An ElementTree object is a specialized data structure that mimics the hierarchical features of XML.  Reading it is straightforward, and a variety of atributes and methods are attached to the overall tree and to its various branches and leaves. In the original document only subelements are used, but no attributes; I added attributes for demonstration.

> The data associated with this notebook can be found in the files associated with this course

In [32]:
from pprint import pprint
import xml.etree.ElementTree as ET

tree = ET.parse('data/quran.xml')
root = tree.getroot()
root.tag, root.attrib

('tstmt', {'attr1': 'Test1', 'attr2': 'Test2'})

The methods `.find()` and `.findall()` are available on each subelement to locate nested subelements (children) of a given element.

In [33]:
suras = tree.find('suracoll').findall('sura')

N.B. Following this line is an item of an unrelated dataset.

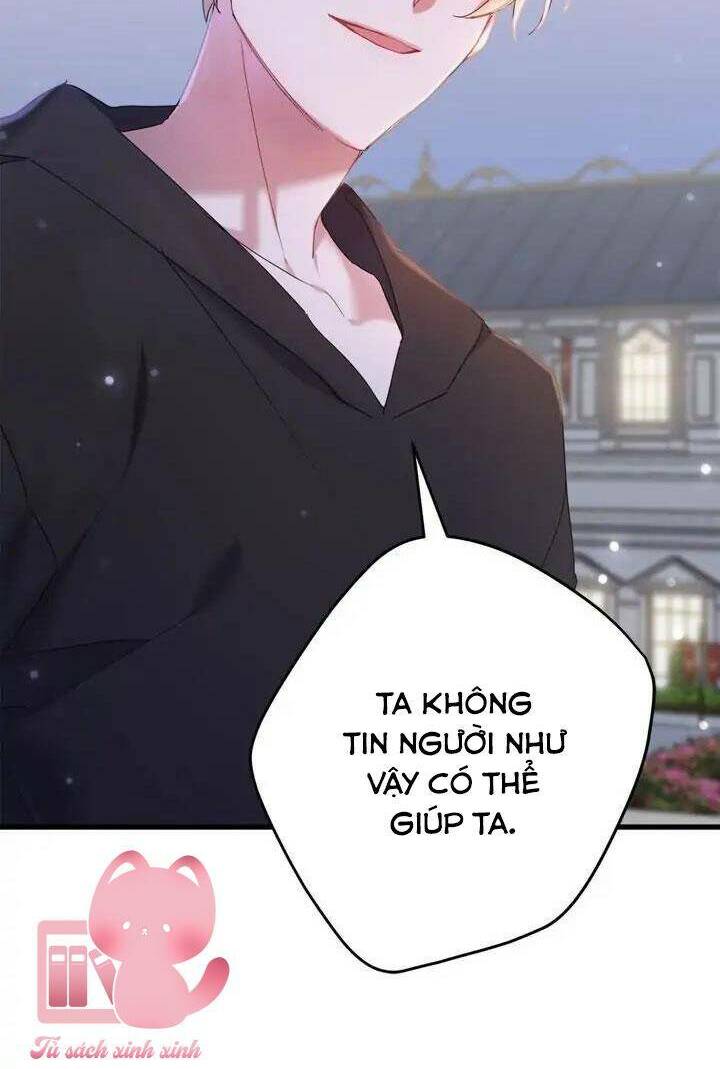 Chương 26 - Trang 37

print("Number of suras:", len(suras))
print("Structure of sura 101:")
print([elem.tag for elem in suras[100]])

Number of suras: 114
Structure of sura 101:
['bktlong', 'bktshort', 'epigraph', 'v']


To find children that may be more deeply nested, the `.iter()` method is often appropriate.  For example, we can find the 114 nested suras.

In [34]:
suras = list(tree.iter('sura'))
sura101 = suras[100] # zero-based Python
len([sura for sura in suras])

114

We might wish to view the text within child elements, for example.

In [35]:
for verse in sura101.findall('v'):
    print(verse.text)

The Striking Calamity.


## Modifying an Element

Using methods of elements, we may modify either attributes or children. In this example, we are not following the schema, but instead inventing a new element not defined in the DTD. After we have added an element and some content and attributes to that element, we might serialize the modified element as XML.  For illustration, a comment is also added.

In [36]:
sura101.append(ET.Comment("Demonstrate a comment"))
child = ET.SubElement(sura101, 'external')
child.text = "\n*** This text is not part of Quran! ***\n"
child.set('silly', 'yes')
child.set('discard', "True")

In [None]:
ET.dump(sura101)

# What Is Missing?

There are a number of XML features this lesson simply has not considered.  If we look at validation, entity resolution, namespaces, CDATA sections, character encoding and escaping, and some additional concepts you will need for robust XML processing.  For this lesson, and the next two, we just want you to be familiar with basic serialization and deserialization between Python and XML.

Understanding XML in full is its own longer course, and is not usually something you need to know for the basic handling, of the sort we show.